Day 122, 2 Kings 19-21

Isaiah Reassures Hezekiah

Hezekiah sent messengers to the prophet Isaiah and said how Hezekiah was in distress. Isaiah told them to tell Hezekiah the Lord said not to be afraid because of the words that he had heard. The Lord would put a spirit in the king of Assyria so that he shall hear a rumor and return to his own land, and the Lord would make him fall by the sword there.

Sennacherib Defies the Lord

Sennacherib sent messengers to Hezekiah telling him not to be fooled by the words of the Lord, for he would deceive him by promising that Jerusalem would not be given into his hand. For all the lands he planned to defeat he did, what would make them so much different?

Hezekiah’s Prayer

When Hezekiah received the letter he went up to the house of the Lord and prayed. He praised the Lord and asked him to save them from the king of Assyria; so all the kingdoms of the land would know that he was the Lord, and God alone.

Isaiah Prophesies Sennacherib’s Fall

Then Isaiah sent to Hezekiah telling him that the prayers he sent to the Lord has been heard.

The king of Assyria would not come into the city or shoot an arrow there. By the way that he came, is the same he would return, and he would not come into the city. The Lord would defend the city to save it, for his own sake and the sake of his servant David.

That night the angel of the Lord went out and struck down 185,000 in the camp of the Assyrians. Then Sennacherib king of Assyria departed and went home. As he was worshiping, his sons struck him down with the sword and escaped. And Esarhaddon his son reigned in his place.

Hezekiah’s Illness and Recovery

In those days Hezekiah became sick and was at the point of death. Isaiah the prophet came to him and told him to set his house in order, for he would die and not recover.

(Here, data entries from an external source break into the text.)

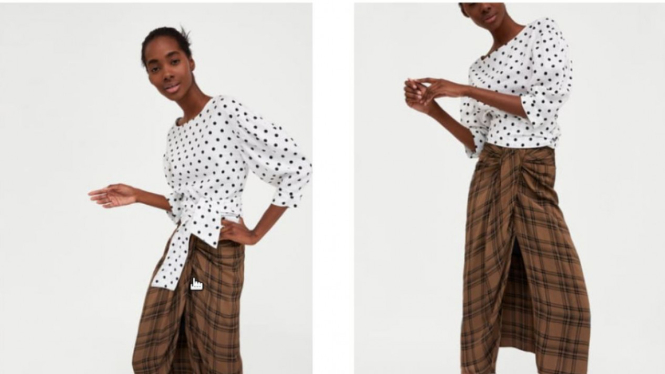 Rok Zara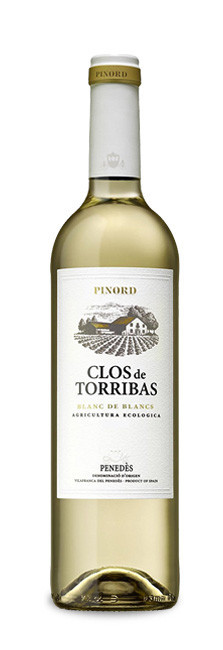 Clos de Torribas Blanc de Blancs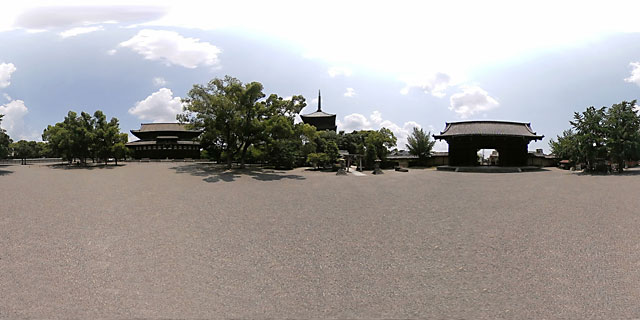 (33) 202106 東寺(教王護国寺、京都)
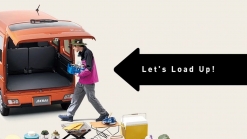 All-New Daihatsu Hijet Decuts In Japan, In Cargo, Truck And Atrai Van Forms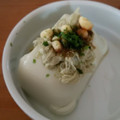 そいみーと's cooksnap of when they made とろろ昆布と青のりの冷奴.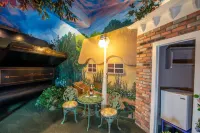 The Anniversary Inn - Fifth South Hotels in Salt Lake City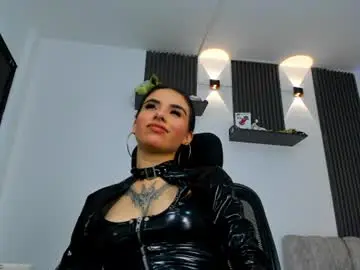 Chaturbate Sex Cam of isabella_hv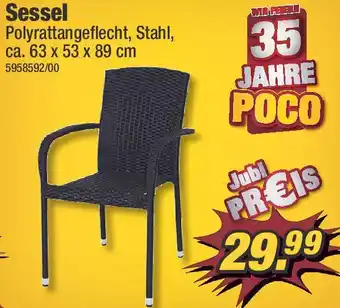 Poco Sessel Angebot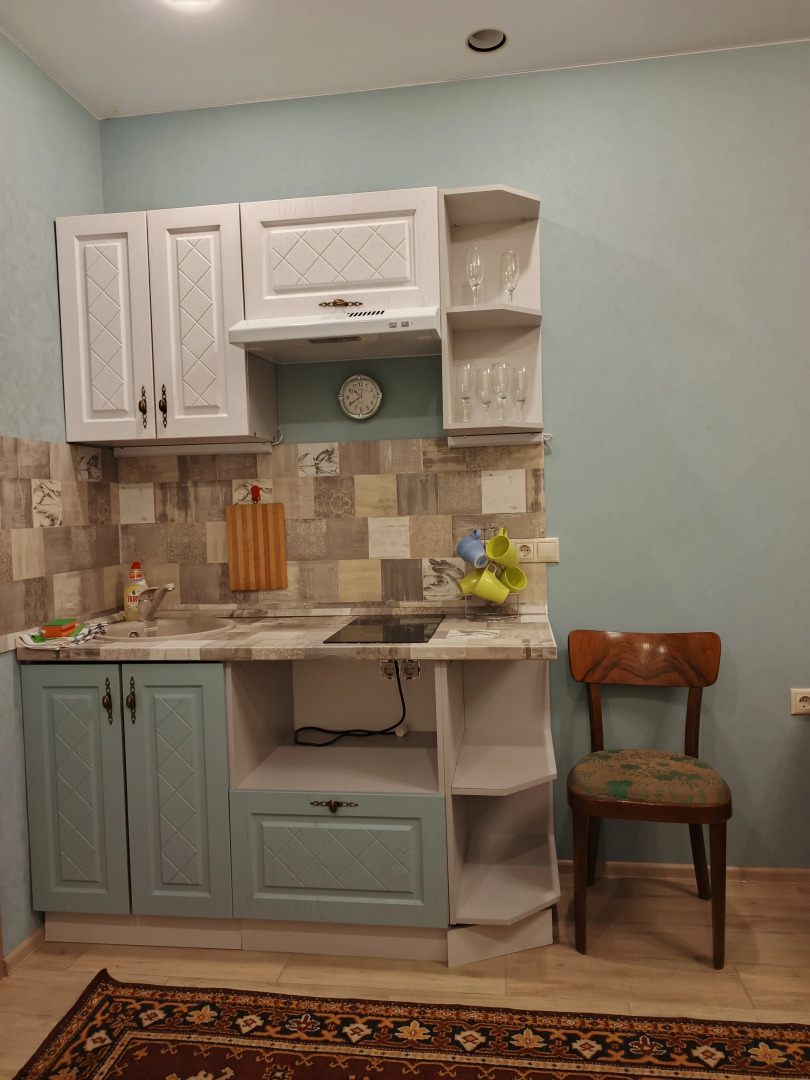 Квартира Звенигород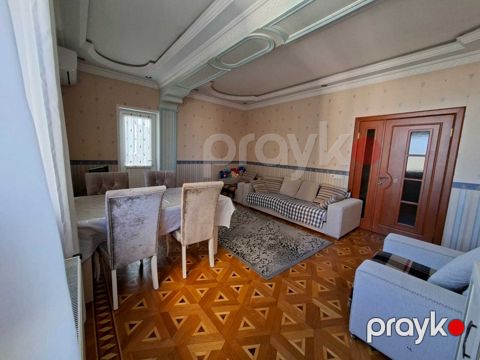 Satılır 2 otaqlı yeni tikili 90 m² — Bakı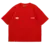 Remera Rolling Red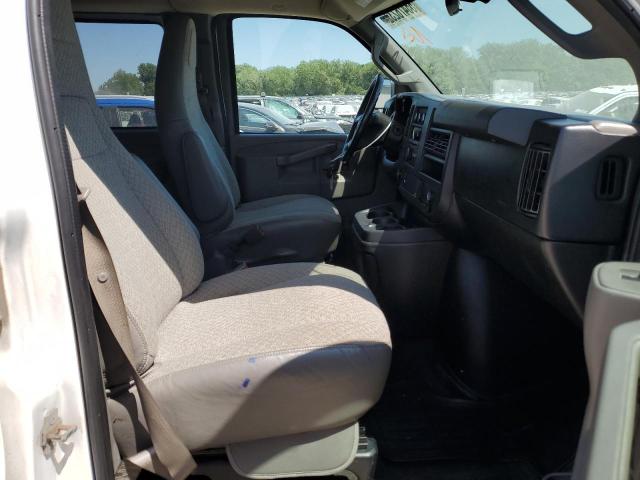 Photo 5 from auction – 2017 CHEVROLET EXPRESS G3 with VIN 1GAZGPFGXH1144640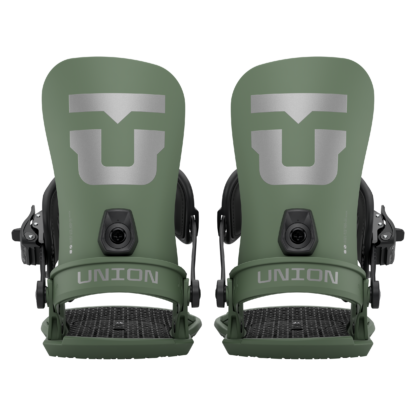 Union Strata Olive Green 2026 - Image 2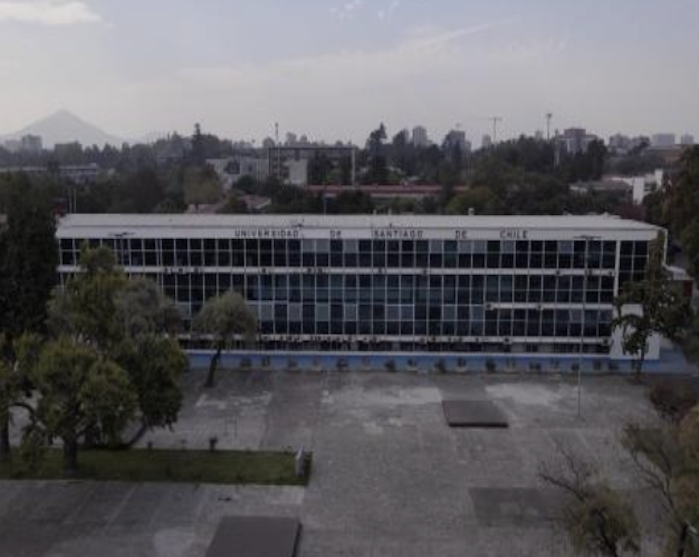 Universidad de Santiago de Chile ocupa primer lugar a nivel nacional en años de acreditación de sus programas vigentes de Doctorado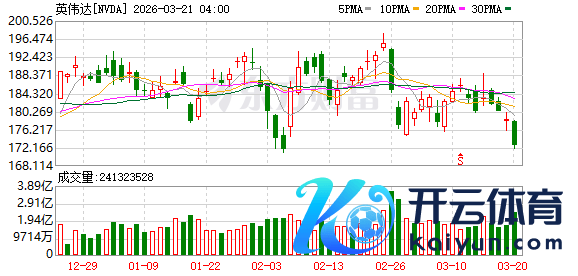 K图 NVDA_0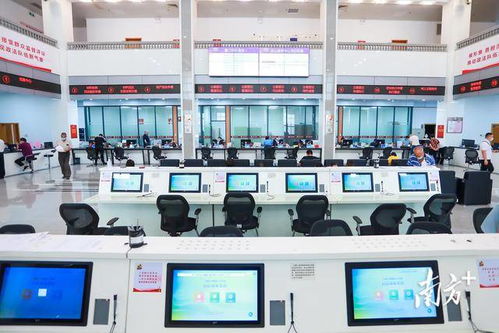 以法治工筆畫描繪城市新畫卷 南海培育社會治理軟實力的探索與實踐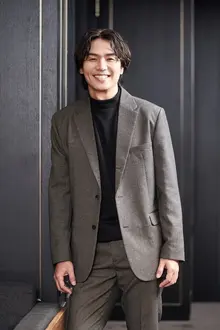 [인터뷰] <좋은 사람> 김태훈 “이번 영화, 부끄럽지 않고 든든한 마음”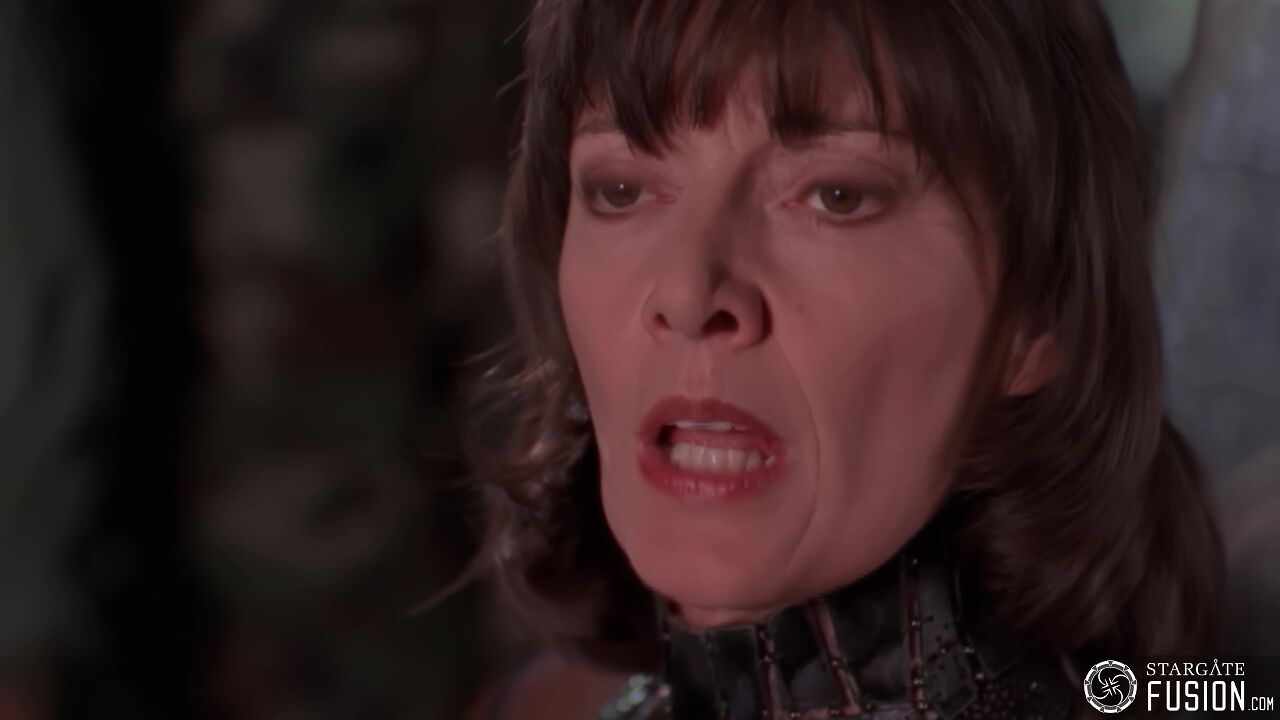 La Tok'ra 2/2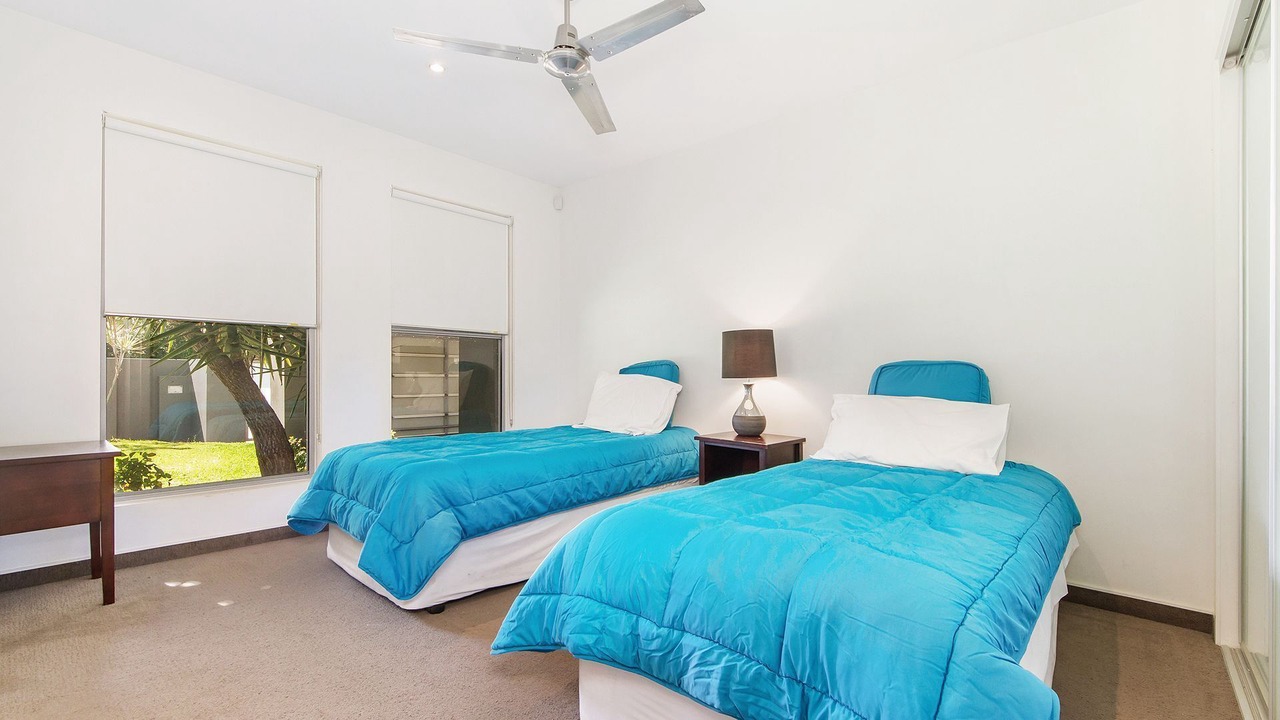 Photo of Bedroom in Mermaid Waters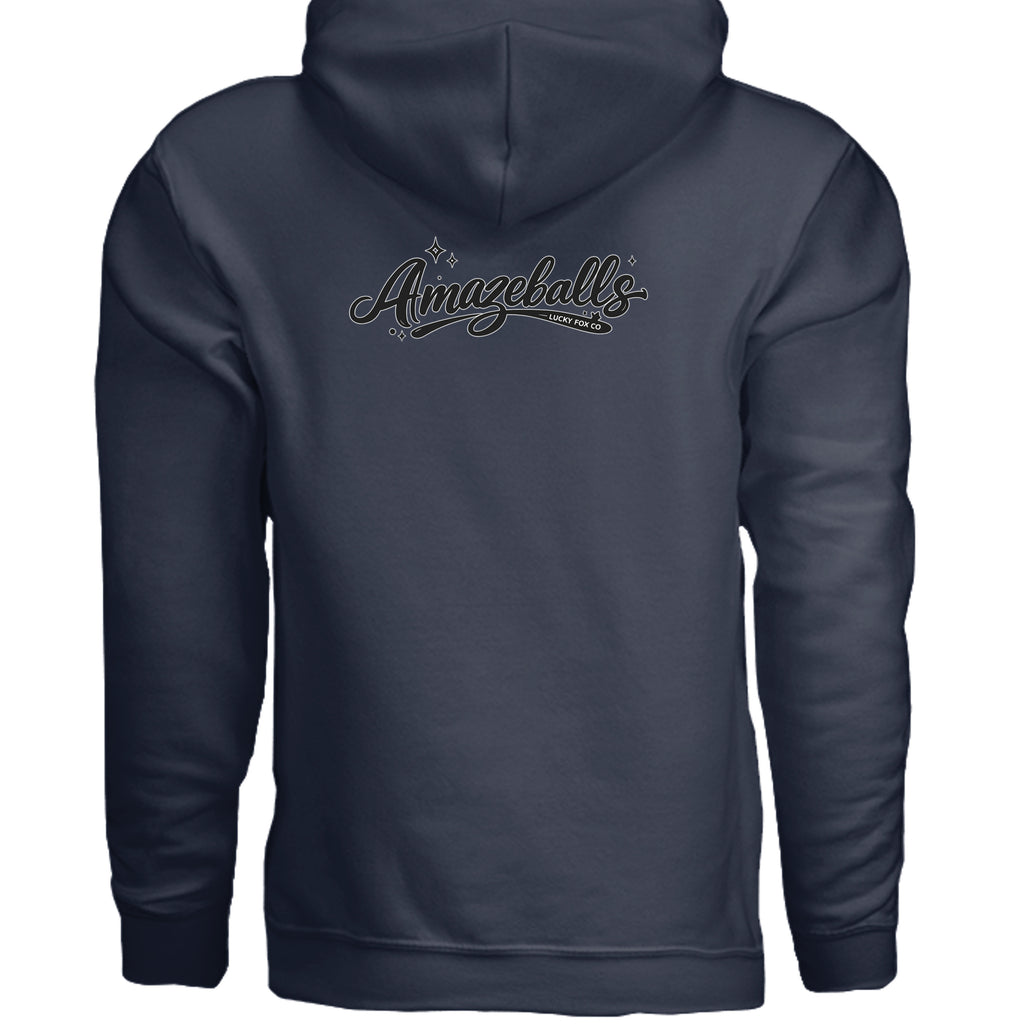 NAVY - G185 - BACK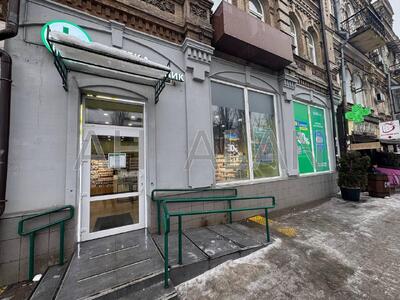 Сдам торговое помещение Київ, Нижній Вал вул.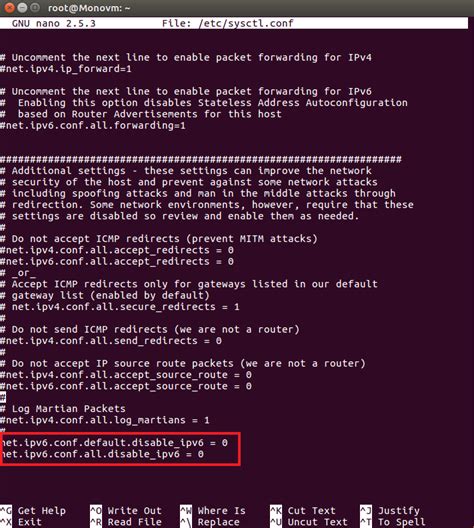How To Set Up Ipv6 On Ubuntu Linux Server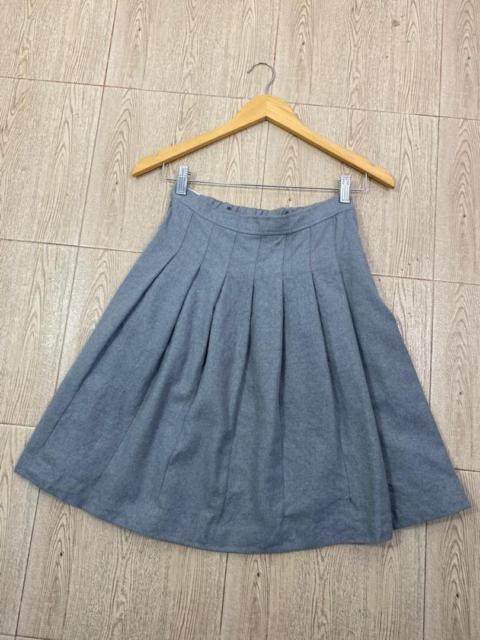 【送料&関税込】Givenchy Pink Viscose Blend Skirt Givenchy Givenchy Women Pink Viscose Blend Skirt | luosophy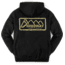 Chrome Industries DKlein Shredway Graphic Hoodies - Mens, AP-408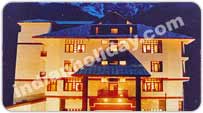 Sterling Resort Manali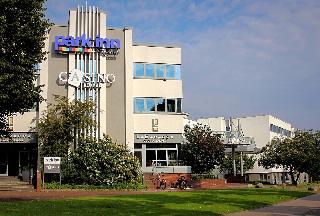 Park Inn by Radisson Lübeck fotoÄŸrafÄ±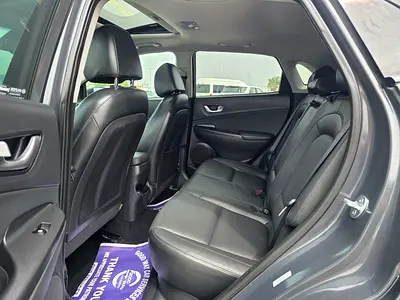2023 Hyundai KONA 缩略图 15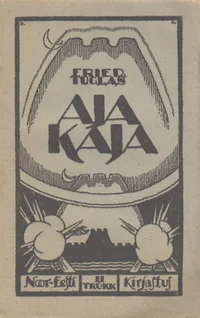 Aja kaja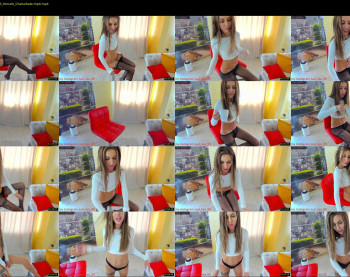 _funsize_ — 39 minute Chaturbate female cam show recording, 1080p, Jul 24, 2021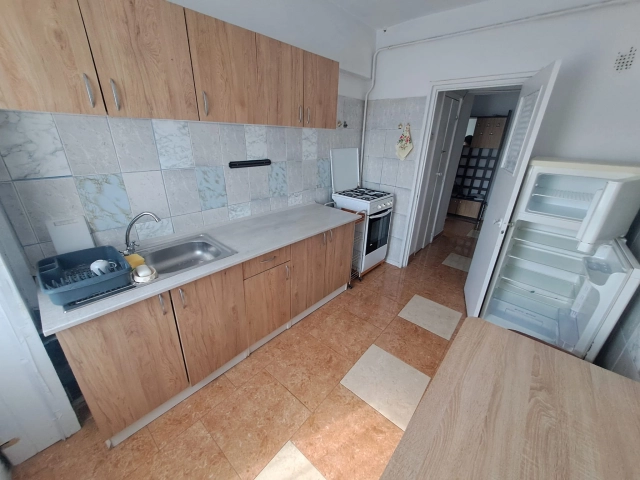 Apartament 2 camere - Pacurari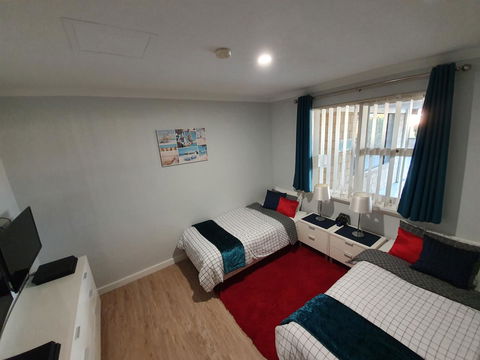 Palm Beach Bed & Breakfast - Northern Rivers Accommodation 26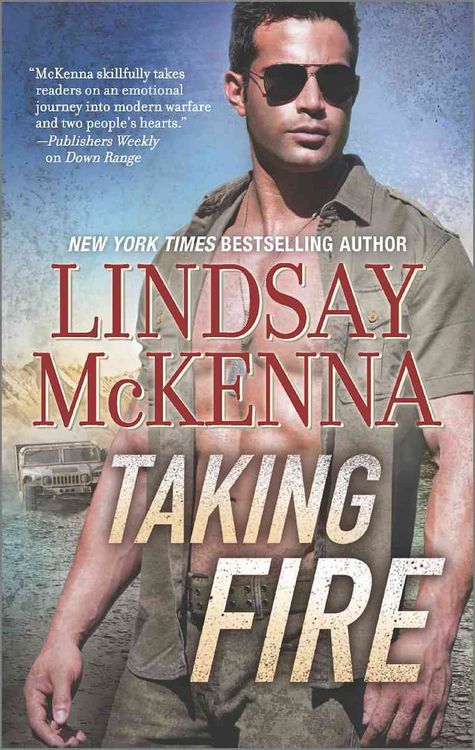 Produktbild: Taking Fire Original/e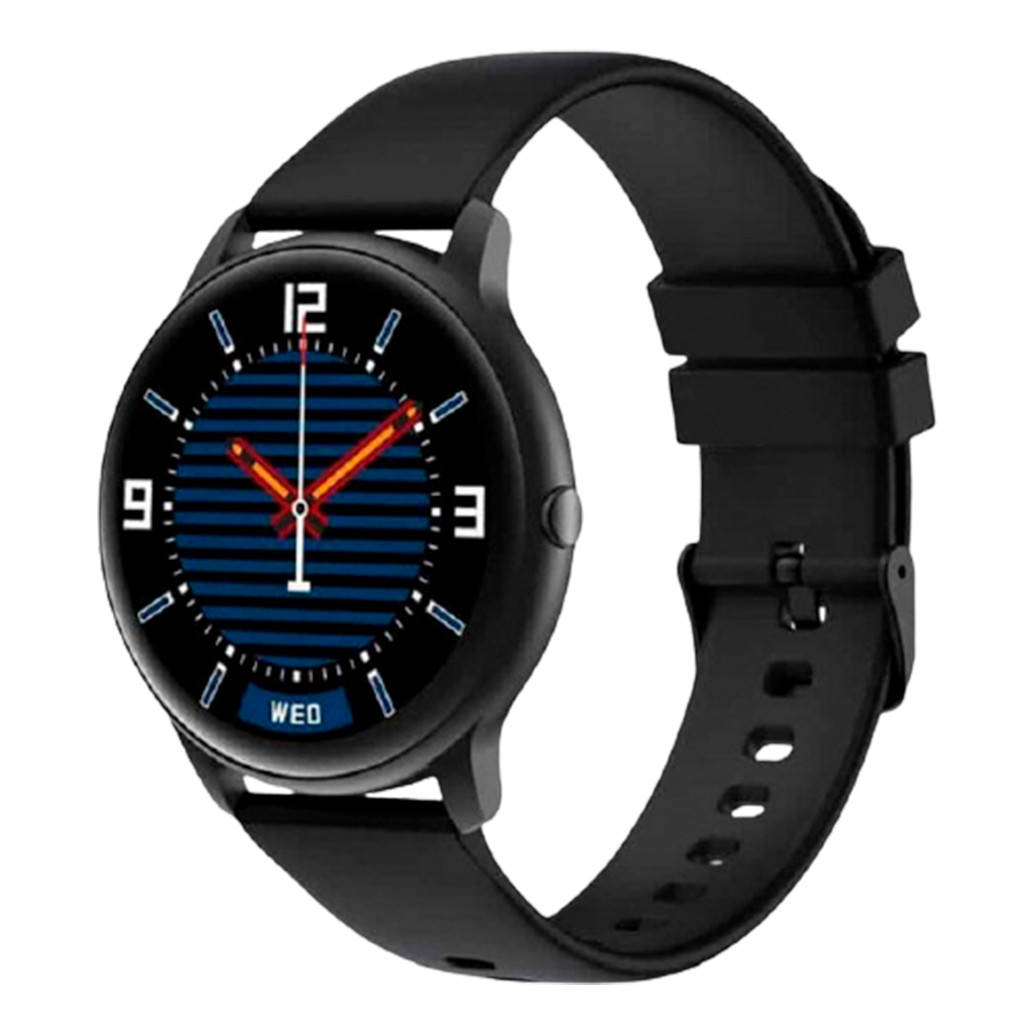 

Смарт-часы Xiaomi iMi KW66 Smart Watch (Black) [60939]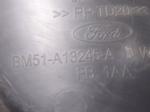 Ford Focus 3 Sol Arka Eşik Kapağı Bm51-A13245-A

Then Hezekiah turned his face to the wall and prayed to the Lord, asking him to please remember how he had walked before him in faithfulness and with a whole heart, and had done what was good in his sight. And Hezekiah wept bitterly.

Before Isaiah had left, the word of the Lord came to him and told him to go back. He told Hezekiah that the Lord had heard his prayer and seen his tears. Behold, he would heal him.

On the third day he would need to go up to the house of the Lord, and the Lord would add fifteen years to his life. He would deliver him and the city out of the hand of the king of Assyria, and would defend the city.

Isaiah told him to bring a cake of figs and lay it on the boil, so that he may recover.

Hezekiah and the Babylonian Envoys

At that time Merodach-baladan the son of Baladan, king of Babylon, sent envoys with letters and a present to Hezekiah, for he heard that he had been sick. Hezekiah welcomed them and showed him everything that he had in his treasure house.

Isaiah came and questioned who they were, what they said, and what Hezekiah had shown them. Then he said that the days were coming when everything that Hezekiah had stored up, would be carried to Babylon. Nothing would be left, said the Lord.

Even some of his own sons born to him would be taken away, and they would be eunuchs in the palace of the king of Babylon. Hezekiah said that the word the Lord had spoken was good, so that there would be peace and security in his days. Hezekiah slept with his fathers, and Manasseh his son reigned in his place.

Manasseh Reigns in Judah

Manasseh was twelve years old when he began to reign, and he reigned fifty-five years in Jerusalem. He did what was evil in the sight of the Lord. He rebuilt the high places that Hezekiah his father had destroyed, and he erected altars for Baal and made an Asherah.

And he built altars in the house of the Lord which the Lord had forbade. He burned his son as an offering and used fortune-telling and omens and dealt with mediums and necromancers. He did much evil in the sight of the Lord and provoked him to anger.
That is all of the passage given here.